■ Aim of the task
Each entry should be transcribed exactly as written, and any picture left out.

■ Data under study
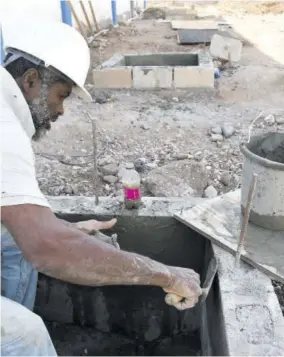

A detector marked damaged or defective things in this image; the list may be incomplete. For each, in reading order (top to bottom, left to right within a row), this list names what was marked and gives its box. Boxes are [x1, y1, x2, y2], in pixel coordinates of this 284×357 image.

broken concrete chunk [210, 33, 243, 61]
broken concrete chunk [144, 159, 209, 196]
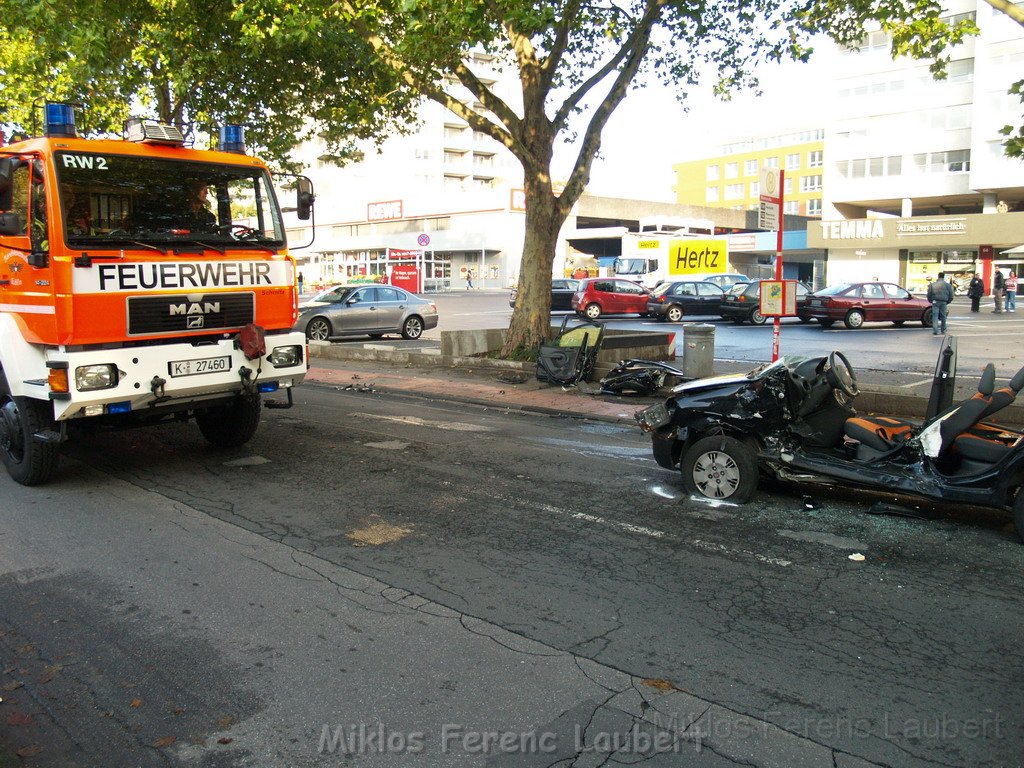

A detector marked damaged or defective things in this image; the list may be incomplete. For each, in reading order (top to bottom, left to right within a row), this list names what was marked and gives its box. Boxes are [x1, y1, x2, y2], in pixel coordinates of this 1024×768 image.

broken windshield [56, 153, 284, 252]
wrecked black convertible [634, 342, 1024, 540]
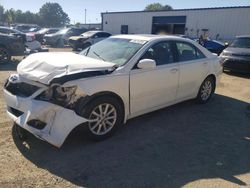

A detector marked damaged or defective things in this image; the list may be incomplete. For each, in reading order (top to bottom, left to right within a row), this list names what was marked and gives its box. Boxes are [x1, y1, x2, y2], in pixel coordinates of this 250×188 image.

front bumper damage [3, 84, 88, 148]
damaged front end [3, 74, 91, 148]
broken headlight [36, 84, 77, 106]
crumpled hood [17, 52, 115, 84]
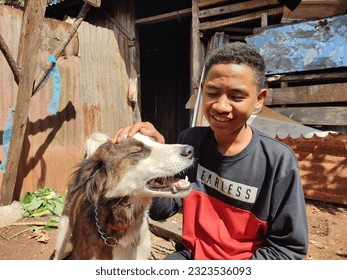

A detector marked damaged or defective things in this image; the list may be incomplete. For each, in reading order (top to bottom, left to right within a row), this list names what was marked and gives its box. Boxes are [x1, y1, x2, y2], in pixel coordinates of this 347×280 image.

rusty metal wall [0, 4, 136, 197]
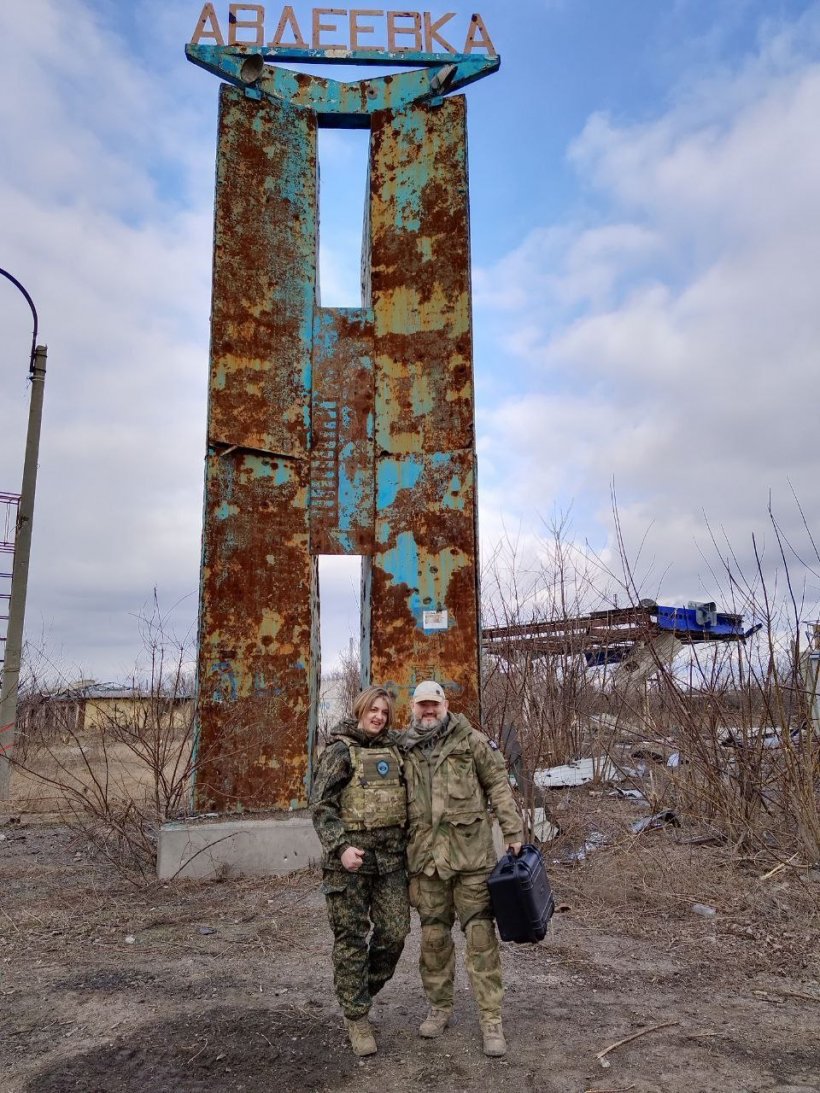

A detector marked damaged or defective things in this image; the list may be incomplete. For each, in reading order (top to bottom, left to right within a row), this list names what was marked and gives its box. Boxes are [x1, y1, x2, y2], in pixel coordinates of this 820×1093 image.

rusty steel beam [194, 89, 317, 817]
rusty metal monument [186, 6, 500, 813]
rusty steel beam [365, 98, 481, 721]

■ Response to this exercise
A detector marked damaged or defective things in this image; the list may be incomplete. For each, in reading order (top to bottom, left to right within a row), this list names what was marked and gives its box. Boxes are [x1, y1, x2, y2], in pixel coordinates of this 284×357 image.

broken concrete chunk [210, 33, 243, 61]
broken concrete chunk [144, 159, 209, 196]

A detector marked damaged or defective things in this image; the list may be incomplete. For each, in reading order (top to bottom, left to right within a row), this list names what was marked and gives its box. Boxes are [x1, y1, x2, y2], in pixel coordinates of this 1024×768 image.

broken windshield [56, 153, 284, 252]
wrecked black convertible [634, 342, 1024, 540]

A detector marked damaged or defective things in this image; the list may be incomplete. For each, in reading order (top to bottom, left to right within a row), this list names what was marked and gives its box. Boxes are [x1, y1, x2, y2], in pixel coordinates of this 250×188 image.

front bumper damage [3, 84, 88, 148]
damaged front end [3, 74, 91, 148]
broken headlight [36, 84, 77, 106]
crumpled hood [17, 52, 115, 84]

A detector marked damaged or defective things in this image; the list may be incomplete. For each, in reading order (top to bottom, left to right within a row), this list names what was marked and gives its box. Boxes are [x1, y1, x2, y2], in pixel coordinates of this 347×280 image.

rusty metal wall [0, 4, 136, 197]

A detector marked damaged or defective things in this image; the list may be incomplete. For each, in reading order (top to bottom, left to right within a row), this list names what was marked and gives its box. Boxes are [x1, y1, x2, y2], in pixel coordinates of this 820×1093 image.

rusty steel beam [194, 89, 317, 817]
rusty metal monument [186, 6, 500, 813]
rusty steel beam [365, 98, 481, 721]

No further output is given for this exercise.